Orr felt the tightening in his shoulders.
“I’m here about the public notices,” he said. “The Ten Year Plan. Roads. Utilities. Construction.”
Truman stopped walking.
“You’re looking for a seat at the table, then.”
“Yes.”
“The Big Three won’t like you poaching their dinner.”
“They don’t reach as many people in the daily papers. Folks in Northeast read about their blocks, their churches, and their schools in mine. If you want these projects understood, that’s where they belong.”
Truman studied him.
“You sell ads.”
“Yes.”
“You take political ads.”
“Yes.”
“And you expect me to believe county notices won’t turn into sales copy with a halo.”
“They’d run as printed. Same type. Same space. No commentary.”
Truman nodded. “Good. I won’t have this courthouse sold like snake oil. We’re building roads, Orr. Not salvation.”
They stepped into a small office. Truman removed his hat and hung it carefully.
“You know what this costs?” he asked.
“Millions.”
“Four million dollars. Enough to make every ambitious man in Jackson County start calculating.”
He gestured toward the window.
“See those trucks? Same company on every one. That’s politics. But every load gets tested. If it’s short, it goes back. If it’s weak, it goes back.”
He paused.
“I don’t care whose cousin signed the invoice.”
Orr said nothing.
Outside, another truck rattled across the yard.
“I want your paper to work the same way,” Truman said. “No padding. No favors dressed up as civic virtue.”
“You have my word.”
Truman smiled thinly. “That’s what worries me. Men with nothing but their word tend to use it often.”
He opened a file.
“I’ll authorize a trial. A few local notices. If they come out crooked, we’re finished—and I’ll pretend I never recognized you in the hallway.”
“Thank you.”
“One more thing,” Truman said. “If someone leans on you—hard or friendly—to print something you know isn’t square, you come tell me.”

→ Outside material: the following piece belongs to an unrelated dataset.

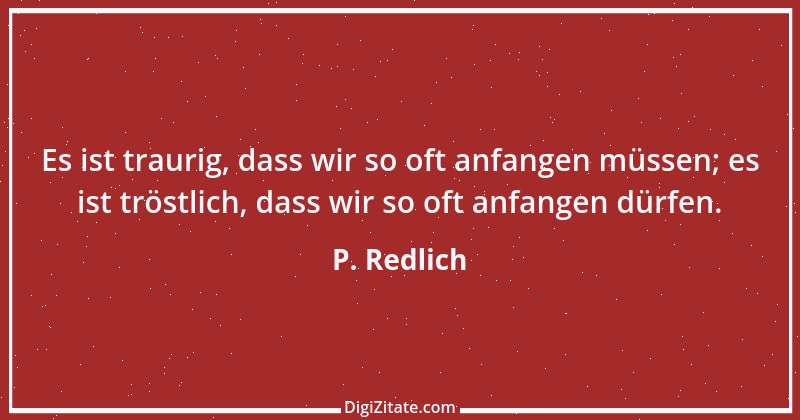 Zitat von P. Redlich 1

Orr thought of handshakes that lingered too long. Expectations that arrived smiling.
“I will.”
Truman closed the file. “Good. Now get out before someone thinks I enjoy talking to newspapermen.”
Back in the hallway, the courthouse rose under the weight of politics and promises alike.
By Thursday, Orr would have notices to print—small, dry blocks of type.
But he understood now what they carried.
Responsibility, measured carefully.
Tested, load by load.
Just like the concrete.
Looking ahead: Reading Betsy Cochran’s weekly chronicles of her grandmother, Nadine, inspired me to explore historical fiction centered on Matthew Orr and what life may have been like for an Irish immigrant starting a small business in Northeast Kansas City during Prohibition and the Great Depression.
In doing so, he built something that has endured for nearly a century. While the world, our community, and the ways we access information and connect with one another have changed dramatically, we still share many common threads with those who walked the streets of Northeast decades ago.
This summer, we plan to delve into the life of Matthew Orr—even if through the lens of historical fiction—while continuing to watch the Northeast News grow and reflect the community it has served in various ways for the past hundred years.